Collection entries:
=== Section Start ===
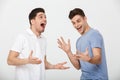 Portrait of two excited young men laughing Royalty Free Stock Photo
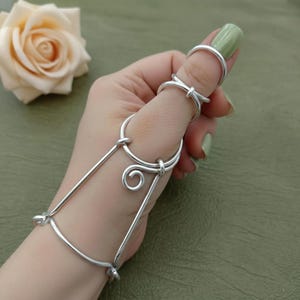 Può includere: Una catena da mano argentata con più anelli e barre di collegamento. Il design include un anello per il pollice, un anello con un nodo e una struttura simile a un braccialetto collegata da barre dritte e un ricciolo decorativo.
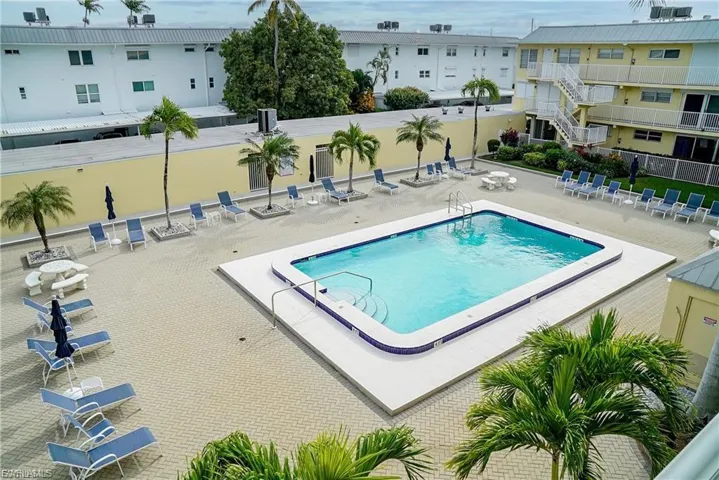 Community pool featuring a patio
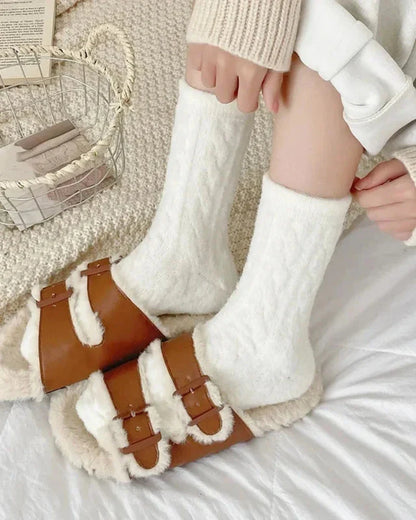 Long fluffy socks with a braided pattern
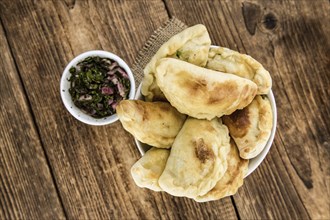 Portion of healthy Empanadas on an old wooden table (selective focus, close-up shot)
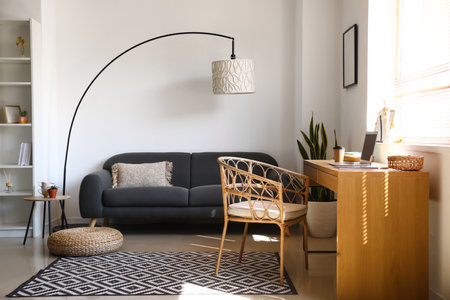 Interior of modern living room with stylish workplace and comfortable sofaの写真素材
=== Section End ===
Your task: Leave the images out and print each entry exactly.

Task response:
 Portrait of two excited young men laughing Royalty Free Stock Photo
 Può includere: Una catena da mano argentata con più anelli e barre di collegamento. Il design include un anello per il pollice, un anello con un nodo e una struttura simile a un braccialetto collegata da barre dritte e un ricciolo decorativo.
 Community pool featuring a patio
 Long fluffy socks with a braided pattern
 Portion of healthy Empanadas on an old wooden table (selective focus, close-up shot)
 Interior of modern living room with stylish workplace and comfortable sofaの写真素材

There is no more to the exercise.